IMG, MSK, OUTPUT = train(model)

caonv · January 6, 2021, 6:47am

The outputs depend on the activation function of the output layer in your model. You must be careful when placing this activation function because each type of loss function has its own range of values.

In your code snip, if you use Cross-Entropy Loss, you should not use any activation function in the output layer. However, you took argmax in the channel dimension of your ground-truth which has only 1 channel, this step does not make sense.

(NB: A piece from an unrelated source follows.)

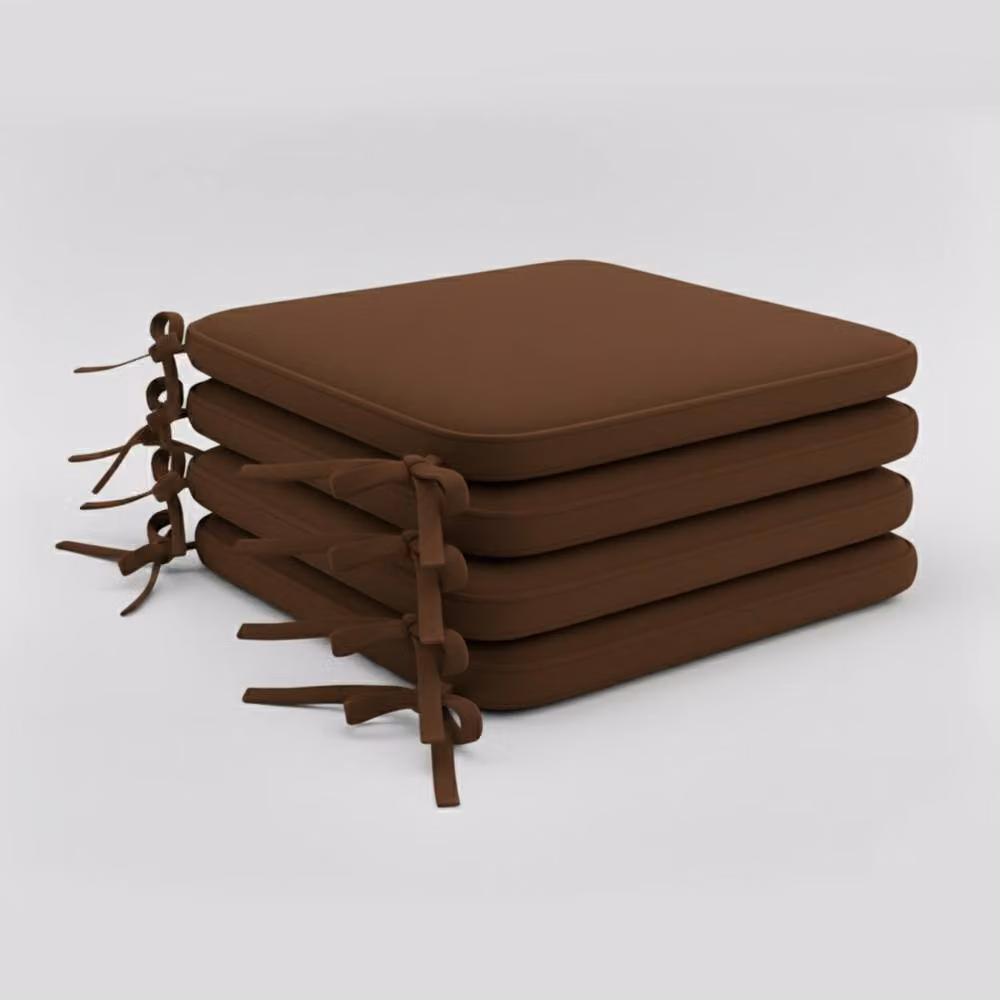 Snug City Pack of 4 Chocolate Brown Foam Seat Pads with Ties for Dining and Kitchen Chairs – 2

MA_CASANDRA_QUILANG · January 6, 2021, 7:02am

Thank you for correcting me. But is there any way I could solve the error

RuntimeError: only batches of spatial targets supported (3D tensors) but got targets of dimension: 4

this is the error I got before using the code argmax

caonv · January 6, 2021, 7:14am

Just convert the batch_mask_all into a 3D tensor by squeeze the dimension 1

MA_CASANDRA_QUILANG · January 6, 2021, 7:16am

Thank you again! I would try this one.

MA_CASANDRA_QUILANG · January 6, 2021, 7:22am

Hey! I am really grateful for your patience in answering my questions. I am really new to this field and would really want to successfuly make my current project work. Anyway, I tried squeezing dimension 1 but I got this error. DO you know what this means? some forums said I should convert my target data type but I am not confident doing it.


RuntimeError: expected scalar type Long but found Float

caonv · January 6, 2021, 7:41am

Yes, the target for CrossEntropy must be in Long while the input must be in Float

MA_CASANDRA_QUILANG · January 6, 2021, 7:45am

Thank you so much for your help! I would try to edit my code. Hopefully it will work this time.

MA_CASANDRA_QUILANG · January 6, 2021, 10:10am

HI! I am back again and I tried converting my input and target data types to Long and Float respectively. But I got an error again:

IndexError                                Traceback (most recent call last)
<ipython-input-15-0148a2dd2dca> in <module>()
     21   return batch_img_all, batch_mask_all, outputs
     22 
---> 23 IMG, MSK, OUTPUT = train(model)

4 frames
/usr/local/lib/python3.6/dist-packages/torch/nn/functional.py in nll_loss(input, target, weight, size_average, ignore_index, reduce, reduction)
   2264         ret = torch._C._nn.nll_loss(input, target, weight, _Reduction.get_enum(reduction), ignore_index)
   2265     elif dim == 4:
-> 2266         ret = torch._C._nn.nll_loss2d(input, target, weight, _Reduction.get_enum(reduction), ignore_index)
   2267     else:
   2268         # dim == 3 or dim > 4

IndexError: Target 60 is out of bounds.

I suspect the value 60 has something to do with my class indices since I have 60 classes. But I cannot comprehend why it has this error when I already declared my number of classes. Can you help me again? Thank you so much.

caonv · January 6, 2021, 10:29am

Due to the fact that if you have N foreground classes (1, 2, 3, …, N), your model must produce a segmentation map of N+1 channels in which the first channel is for background class (0).

MA_CASANDRA_QUILANG · January 6, 2021, 11:06am

The solution I did was declare a total of 61 classes. Does my solution makes sense? And by the way I tried training just 1 epoch just to see if my solution will make my code work and it gave me this result:

100%|██████████| 150/150 [16:06<00:00,  6.45s/it]Epoch: 0. Loss: 4.002954483032227

is it logical to have this kind of value for loss? what should be the loss value range?